S-36 off Tsingtao (Qindao), China, circa 1927. She is displaying yet another of the many methods of displaying the boat's name. The aft end of the conning tower fairwater has been raised from her as-built configuration. This area contained an access hatch to the after battery compartment and a ventilation intake. It was found to be too low and it frequently shipped water in even a moderate sea. This part of the fairwater was raised to the height shown here within one to two years of commissioning. On the far left it can be seen that the aft end of the superstructure skeg has been cut away. It was found that this area had been lightly built and it was rather narrow, making proper maintenance very difficult. It suffered badly from saltwater induced corrosion, sometimes to the point of being structurally unsound. In most cases it was removed, leaving the "stubby" look shown here. This was only the superstructure. The pressure hull, along with the rudders, propellers, and diving planes remained out of view below the water.

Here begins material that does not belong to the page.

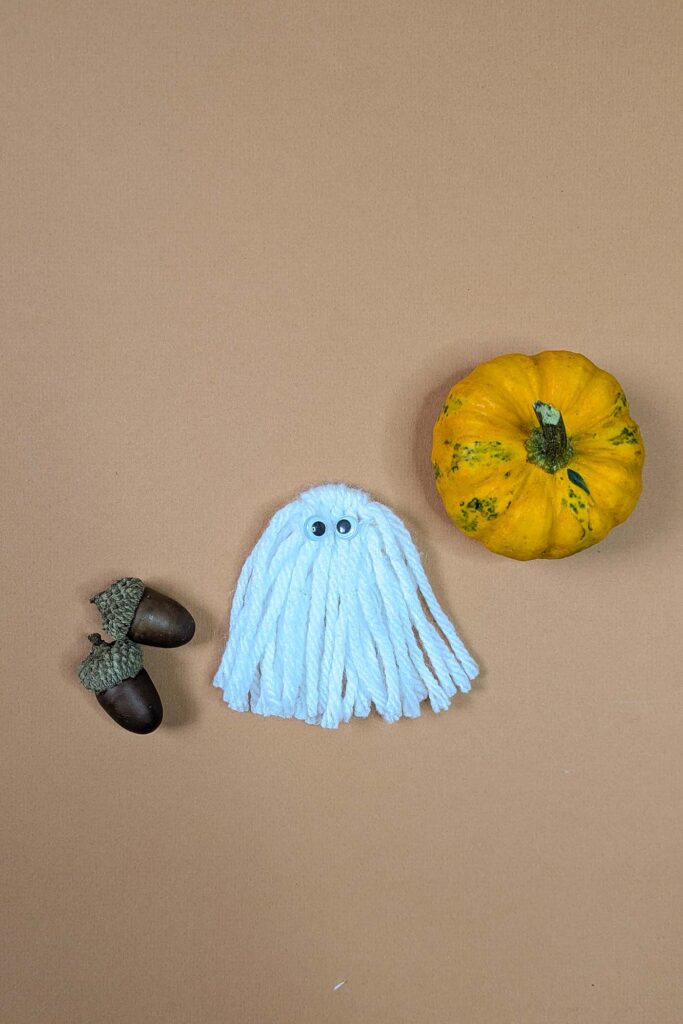 Small macrame ghost made with aran / worsted weight yarn and a 25mm d-ring. It has googly eyes and is on peach background with a pumpkin and acorns
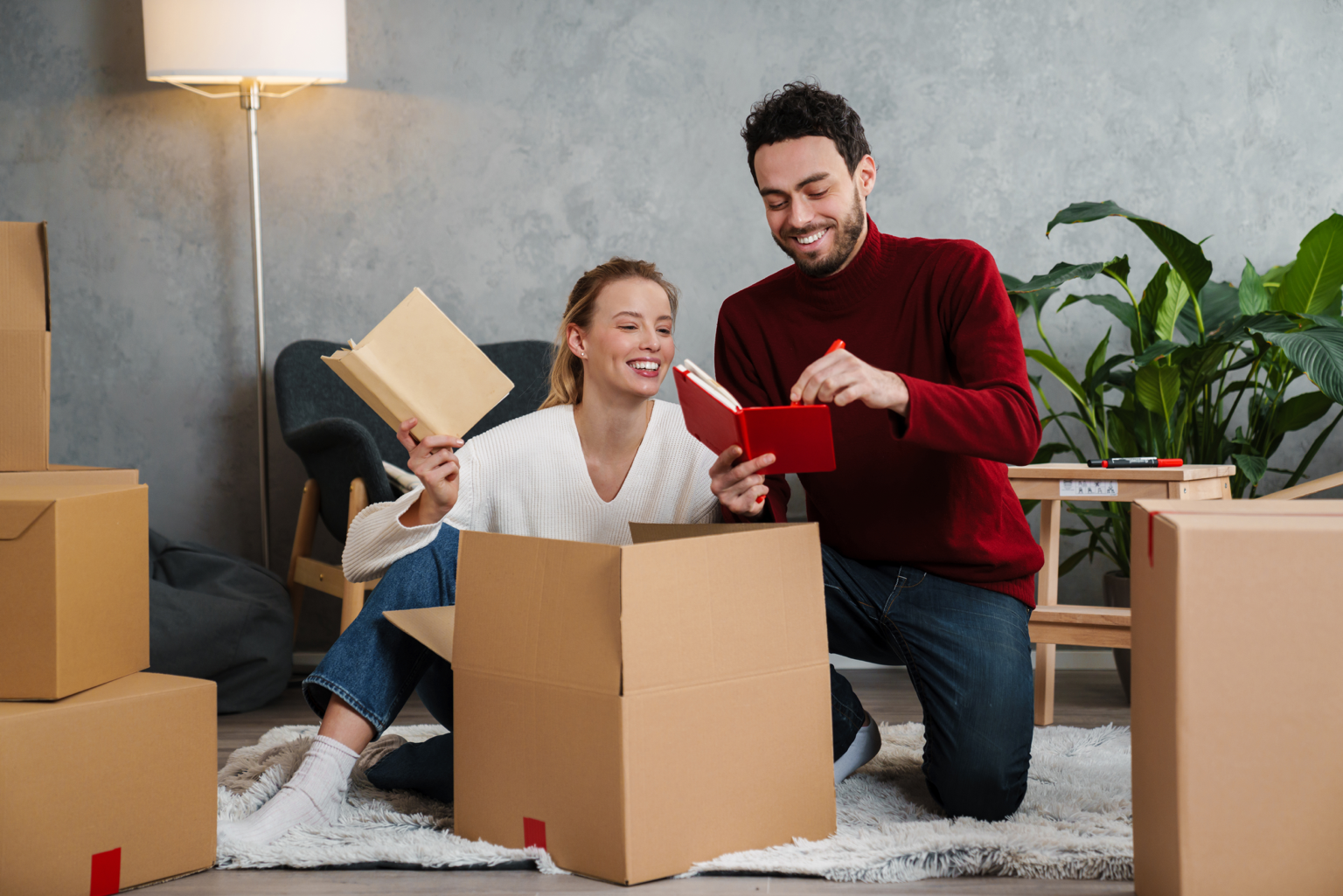 Couple unpacking moving boxes in their new home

S-37 off Tsingtao, China, getting ready to moor to the submarine tender USS Canopus (AS-9). Another unidentified S-boat is in the background. S-37's gun is pointed to port and skyward, and her torpedo loading derrick is assembled and in place, indicating that the boat is returning from a torpedo firing exercise. In the upper left you can see that there is a gap in the superstructure, with the rudder just visible in the boat's wake. The skeg has been cut away similar to the S-36 above.
S-38 shown under construction at the Bethlehem San Francisco yard, March 29, 1923. S-38 was one of the boats built on the west coast that had the engine rebuilds done there. Electric Boat sent a team of engineers to San Francisco along with a train car full of parts to do the rebuilds. This accounts for the rather late date of this photo. Note the long superstructure skeg at her stern, tapering gently down to the rudder. This is the original design, which proved to be lightly built and prone to severe corrosion. A portion of it was later removed on all of the EB design boats.
S-39 making a surface run off Tsingtao (now Qingdao), China, June 13, 1930. The after end of the conning tower fairwater has been raised, and the superstructure skeg has been cut away. The rudder can just be seen right at the waterline on the far left. The pressure hull around the motor room is underwater in this view, between the end of the superstructure and the rudder. S-39 has yet to receive the safety upgrades mandated after the S-4 disaster of 1927.
S-40 on a calm sea, perhaps preparing to moor to a tender. The location is unknown, but is likely during her service with the Asiatic Fleet. Photo date is approximately 1925. She is sporting yet another variation in how her name is displayed, this time with the "40" painted prominently on the aft superstructure skeg.
S-41 is shown here in Asiatic waters, circa 1939-1940. By this time she had been painted in the standard flat black, a scheme that the Navy adopted for all submarines in 1935. She has only her hull number, 146, displayed. This was also part of a standardization effort, intended to do away with all of the topside naming variations that had persisted through the 1920's and 1930's.